The Third Crusade 1189–1192 was led by German Emperor Frederick Barbarossa, Richard I of England (Lionheart), and Philip II of France. Once again betrayals by the Eastern Church undermined its success. The Byzantine Emperor, Isaac, signed a treaty with Saladin in 1189 to join forces against the Latin Crusaders. Isaac surrendered to Barbarossa in 1190 but the Crusade failed to capture Jerusalem.
The Fourth Crusade was led by the Venetians but was deflected from its original objective of Egypt and attacked Greek Orthodox Christians in Constantinople, where a Latin Empire was established in 1204. This achieved a temporary "reunion" of the Eastern and Western Churches under the authority of Pope Innocent III. Its long-term effect was to increase the bitterness of the Great Schism, and to further weaken the Eastern Empire as a defence against Muslim expansion.
The irony should not be lost the Crusades were now being launched against Christians as well as Muslims. The Popes now began using Crusades against against Christian heretics within the Western Church. Five Crusades were launched against the followers of John Huss between 1420 and 1431. These Catholic Crusades met with little success and were ultimately replaced by the Inquisition.
Reactions within Christianity
Many followed the pope’s call to arms as legitimate and in the service of God. However, over time the heavy taxation required to fund crusades decreased their mass popularity. Some voices within the Church were critical of the whole idea of crusades as contrary to the Gospel. Such criticisms of the Crusades were often linked to criticisms of Papal power and the immorality of the Crusaders.

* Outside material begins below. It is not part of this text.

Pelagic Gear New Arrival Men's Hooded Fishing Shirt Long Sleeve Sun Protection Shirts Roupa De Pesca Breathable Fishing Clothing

War as an expression of the Christian life was problematic for Christian theology as there was no such call in the NT. One of the most distinguished theologians of Germany in the twelfth century Gerhoh of Reichersberg (1093-1169) saw the failure of the second crusade as proof that it was not an undertaking of God but of the Anti-Christ. Ralph Niger (1140-1217) criticized the theological concept that the crusades were somehow punishing an injustice on behalf of God. God could do this Himself and maybe it was God’s will for the Muslims to rule Palestine? Killing in war as a means of penance was highly dubious theologically. The only way the Crusades might be orthodox is if they were a just war, but then the question had to be asked what was a Just War? In the 1260’s Roger Bacon argued that Crusading was counter-productive to the cause of converting Muslims. For the Papacy, the Crusade was a command of Christ through His representative the Pope and could not be questioned.
The Crusades were ultimately a political, theological and military failure – in 1453 Constantinople would fall to the Turks. The Holy Land was still under Muslim control, the Eastern Churches were left with bitter memories of the Latin Church’s intervention and temporary overthrow of Byzantine Christianity, and finally, the Western Church was left with many questions concerning the legitimacy of just war theory and the increasing power of the Papacy in the worlds of politics and theology.